= HOW TO COMPLETE THIS TASK =
Please print the entries exactly, omitting each image.
(PROVIDED INFORMATION begins)
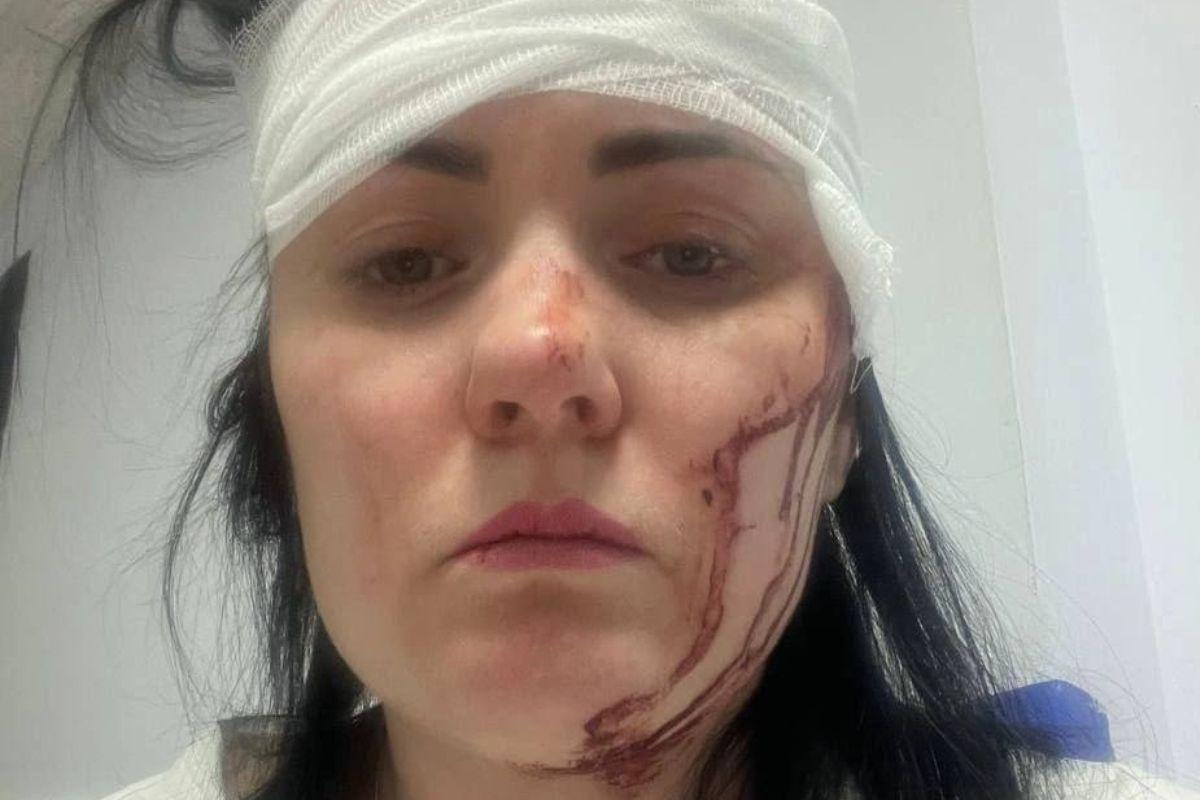 Прокуратура Екатеринбурга проверит факт травмирования женщины штукатуркой - Фото 1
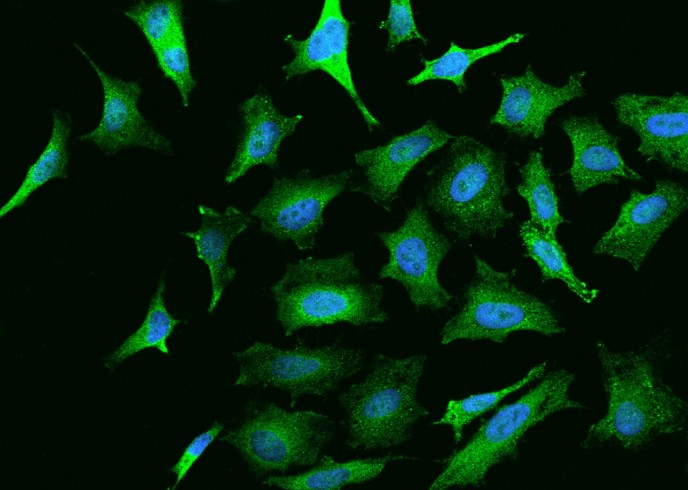 Recombinant NGFR Monoclonal Antibody-searchlist-1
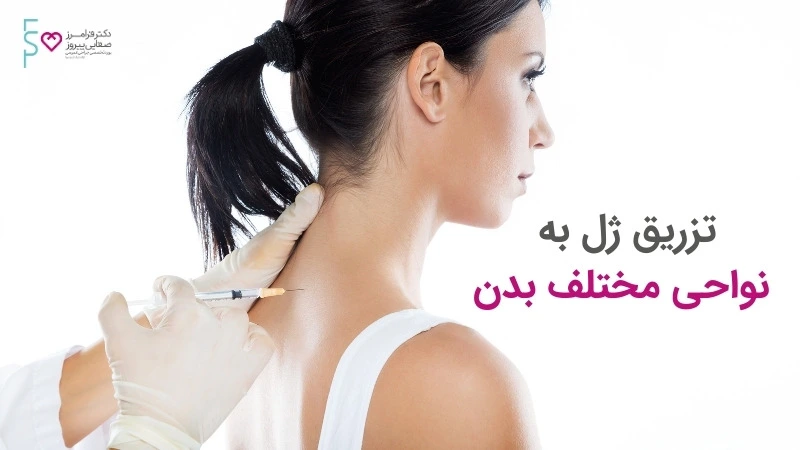 تزریق ژل و انواع آن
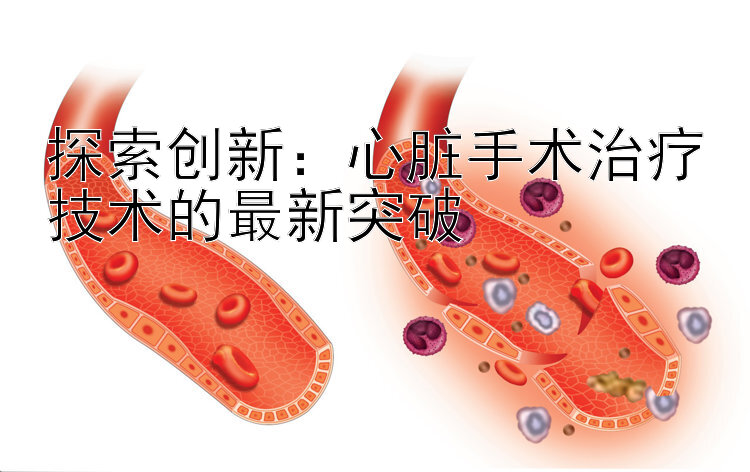 探索创新：心脏手术治疗技术的最新突破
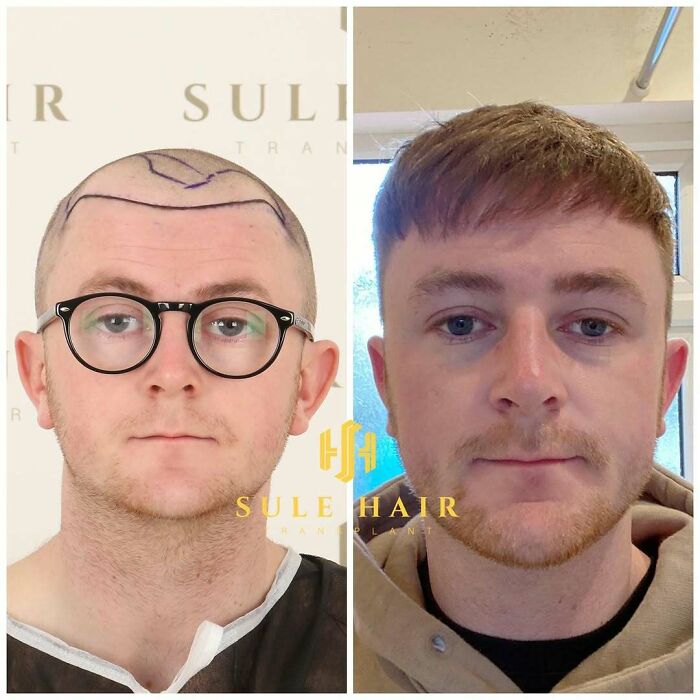 Before and after photos showing hair transplant results on a man with restored hairline and fuller hair growth.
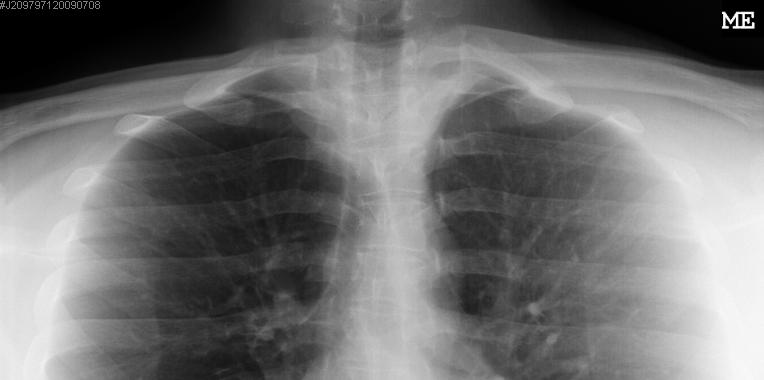 TB?...Review film yourself (or with trusted clinician) Don t rush to Chest CT in uncertain TB cases Recall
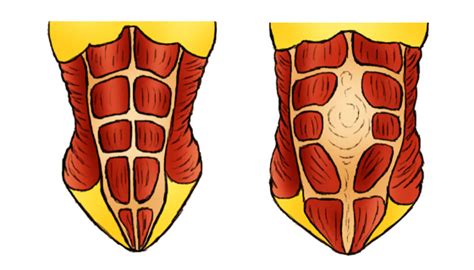 Diastasis recti is a repercussion of your pregnancy as the muscles in your abdomen separates & stretches in your body along with the pregnancy hormone called relaxin, which does the job of softening your body's connective tissue to accommodate your growing baby. Preventing Diastasis Recti in Pregnancy, avoiding ...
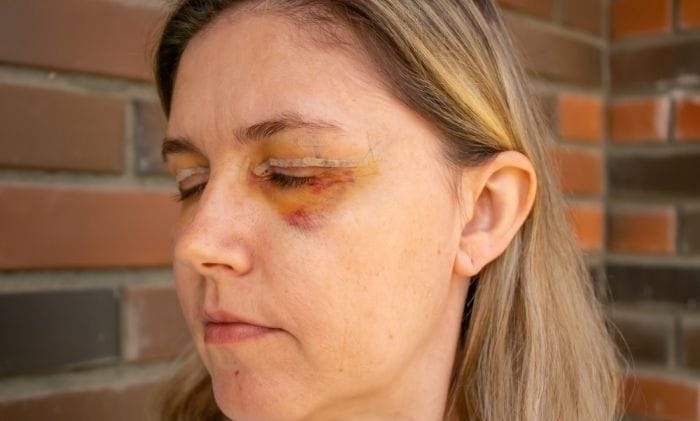 double eyelid surgery after plastic surgery concept representing medical negligence cosmetic surgery compensation claims
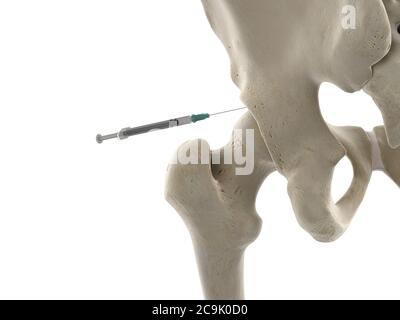 Hip joint injection, illustration. Stock Photo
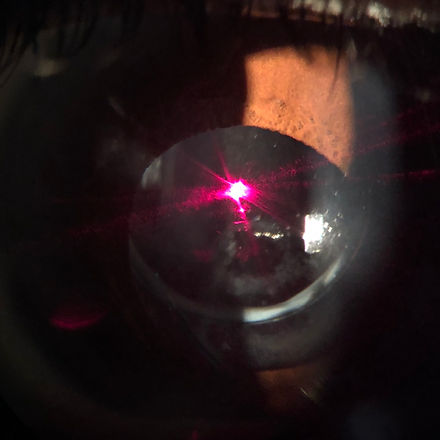 TÉCNICAS À LASER para Limpeza das Lentes Intraoculares (Capsulotomia à YAg Laser).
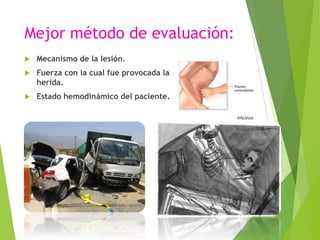Mejor método de evaluación:


Mecanismo de la lesión.



Fuerza con la cual fue provocada la
herida.



Estado hemodinámico del paciente.

 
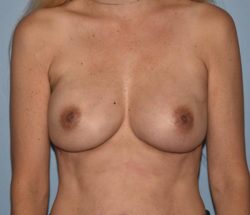 Breast Reconstruction (Implants)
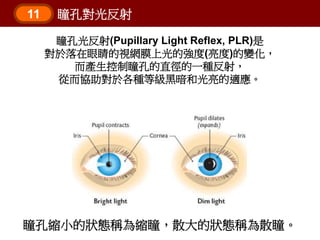 11 瞳孔對光反射
瞳孔光反射(Pupillary Light Reflex, PLR)是
對於落在眼睛的視網膜上光的強度(亮度)的變化，
而產生控制瞳孔的直徑的一種反射，
從而協助對於各種等級黑暗和光亮的適應。
瞳孔縮小的狀態稱為縮瞳，散大的...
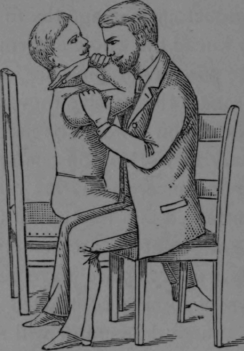 Fig. 114.   Forcing a Stiff Elbow joint.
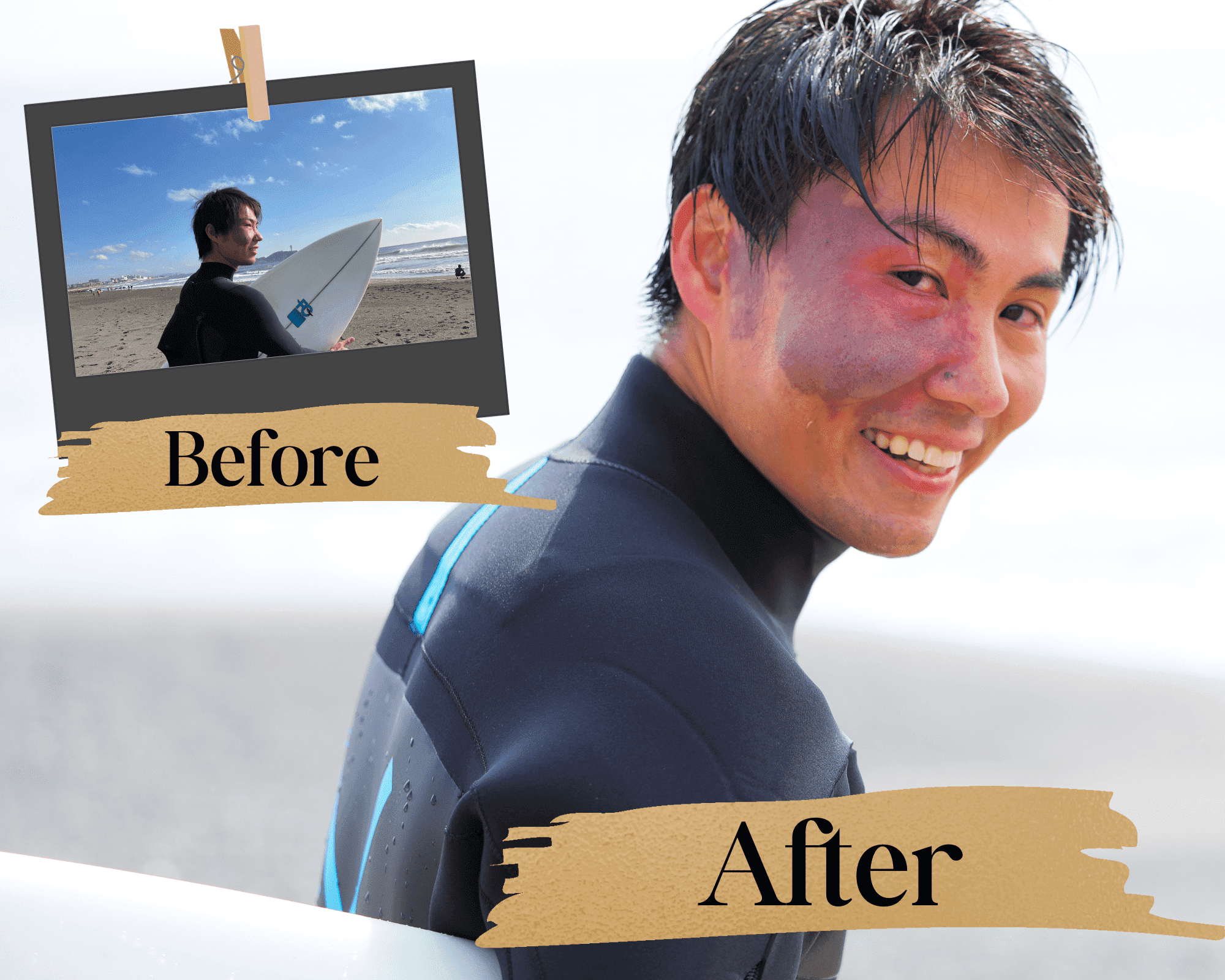 before after画像3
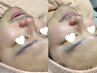 メンズフェイシャル◆大人気！肌育できる毛穴・むくみスッキリ小顔コース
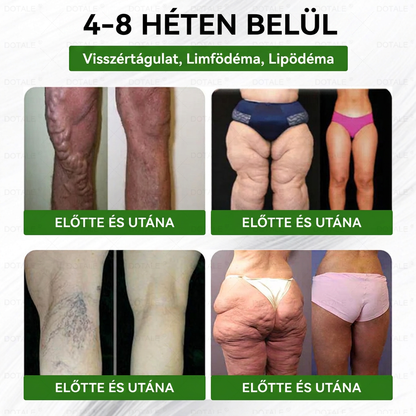 🚀DOTALE Metabolic Nano Microneedle Patch (Napi mindössze egyszeri használat, látható változások 7 nap alatt)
(PROVIDED INFORMATION ends)
= ANSWER TO THE PROBLEM =
 Прокуратура Екатеринбурга проверит факт травмирования женщины штукатуркой - Фото 1
 Recombinant NGFR Monoclonal Antibody-searchlist-1
 تزریق ژل و انواع آن
 探索创新：心脏手术治疗技术的最新突破
 Before and after photos showing hair transplant results on a man with restored hairline and fuller hair growth.
 TB?...Review film yourself (or with trusted clinician) Don t rush to Chest CT in uncertain TB cases Recall
 Diastasis recti is a repercussion of your pregnancy as the muscles in your abdomen separates & stretches in your body along with the pregnancy hormone called relaxin, which does the job of softening your body's connective tissue to accommodate your growing baby. Preventing Diastasis Recti in Pregnancy, avoiding ...
 double eyelid surgery after plastic surgery concept representing medical negligence cosmetic surgery compensation claims
 Hip joint injection, illustration. Stock Photo
 TÉCNICAS À LASER para Limpeza das Lentes Intraoculares (Capsulotomia à YAg Laser).
Mejor método de evaluación:


Mecanismo de la lesión.



Fuerza con la cual fue provocada la
herida.



Estado hemodinámico del paciente.

 
 Breast Reconstruction (Implants)
 11 瞳孔對光反射
瞳孔光反射(Pupillary Light Reflex, PLR)是
對於落在眼睛的視網膜上光的強度(亮度)的變化，
而產生控制瞳孔的直徑的一種反射，
從而協助對於各種等級黑暗和光亮的適應。
瞳孔縮小的狀態稱為縮瞳，散大的...
 Fig. 114.   Forcing a Stiff Elbow joint.
 before after画像3
 メンズフェイシャル◆大人気！肌育できる毛穴・むくみスッキリ小顔コース
 🚀DOTALE Metabolic Nano Microneedle Patch (Napi mindössze egyszeri használat, látható változások 7 nap alatt)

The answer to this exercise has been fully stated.